この比較例2では均一廃液中の2,6−NDCA・TEAは第一蒸留塔塔底部で塩分解されるため、第一蒸留塔塔底部および塔底部近くの壁面への付着が観察された。実際に工業的に行う場合は長時間の連続運転を実施することになるため、閉塞の発生が懸念される。
上記実施例1及び比較例1〜2についてまとめて表1に示す。
<製造例3>
還流冷却器、撹拌装置、温度測定管付きの1000mLガラス製3口フラスコに、製造例1で得られた粗2,6−NDCA 544g、水 348g、実施例1で得られた回収アセトン 227gを仕込んで撹拌した。撹拌しながら実施例1で得られた回収TEA 1211gを滴下し、塩形成反応を行った。次にこのスラリーを撹拌しながら実施例1で得られた回収アセトン 1850gを追加し、晶出操作を実施した。晶出後のスラリー温度を25℃に調節し、スラリーを固液分離することで2,6−NDCA・TEAを1089g、均一廃液を3091g得た。2,6−NDCA・TEA中に存在する2,6−NDCA量から算出した2,6−NDCA回収率は95.0%と算出された。実施例1で得られた回収TEA、回収アセトンともに、塩形成工程に再利用することができた。
Figure 2013177331
本発明によれば、用役費が安価、簡便な構成、蒸留塔の閉塞なく、且つ工業的手法により、ナフタレンジカルボン酸製造において生じた、ナフタレンジカルボン酸トリエチルアミン塩、水、質量2質量%〜20質量%以下のトリエチルアミン、および22質量%〜70質量%のアセトンを含む均一廃液より容易にトリエチルアミンおよびアセトンを回収することが可能となる。また、蒸留塔閉塞も起きず本発明の方法は工業的にも優れた方法であることから、本発明の工業的意義は非常に大きい。

Claims (3)

  1. ナフタレンジカルボン酸製造において生じた、ナフタレンジカルボン酸トリエチルアミン塩、水、質量2質量%〜20質量%以下のトリエチルアミン、および22質量%〜70質量%のアセトンを含む均一廃液より、トリエチルアミンおよびアセトンを蒸留回収するにおいて、以下(I)および(II)の工程からなるトリエチルアミンおよびアセトンの回収方法
    (I)該廃液にアルカリ金属水酸化物および/またはアルカリ土類金属水酸化物を添加し、溶解しているナフタレンジカルボン酸トリエチルアミン塩をナフタレンジカルボン酸のアルカリ金属塩および/またはアルカリ土類金属塩に塩基置換させる。
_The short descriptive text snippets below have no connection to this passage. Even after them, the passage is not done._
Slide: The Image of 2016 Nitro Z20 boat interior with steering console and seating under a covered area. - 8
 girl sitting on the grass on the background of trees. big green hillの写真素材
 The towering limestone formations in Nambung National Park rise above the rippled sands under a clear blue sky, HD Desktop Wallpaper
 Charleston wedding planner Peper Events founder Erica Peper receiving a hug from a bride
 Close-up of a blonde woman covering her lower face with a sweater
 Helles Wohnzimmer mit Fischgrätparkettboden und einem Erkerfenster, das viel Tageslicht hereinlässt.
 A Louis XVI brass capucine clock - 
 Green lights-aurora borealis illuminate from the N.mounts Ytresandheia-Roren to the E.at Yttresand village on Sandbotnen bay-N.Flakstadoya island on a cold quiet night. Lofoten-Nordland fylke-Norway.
    (II)(I)の工程を経た廃液中に、塩基置換されたナフタレンジカルボン酸塩を溶解させた状態を維持しつつ、該廃液を蒸留する。
  2. アルカリ金属水酸化物が水酸化ナトリウムおよび/または水酸化カリウム、アルカリ土類金属水酸化物が水酸化カルシウムである請求項1に記載のトリエチルアミンおよびアセトンの回収方法。
  3. (II)の工程後に、以下(III)の工程を行う請求項1または2に記載のトリエチルアミンおよびアセトンの回収方法。
    (III)(II)の蒸留における留出物を再度蒸留し、トリエチルアミンおよびアセトンを得る。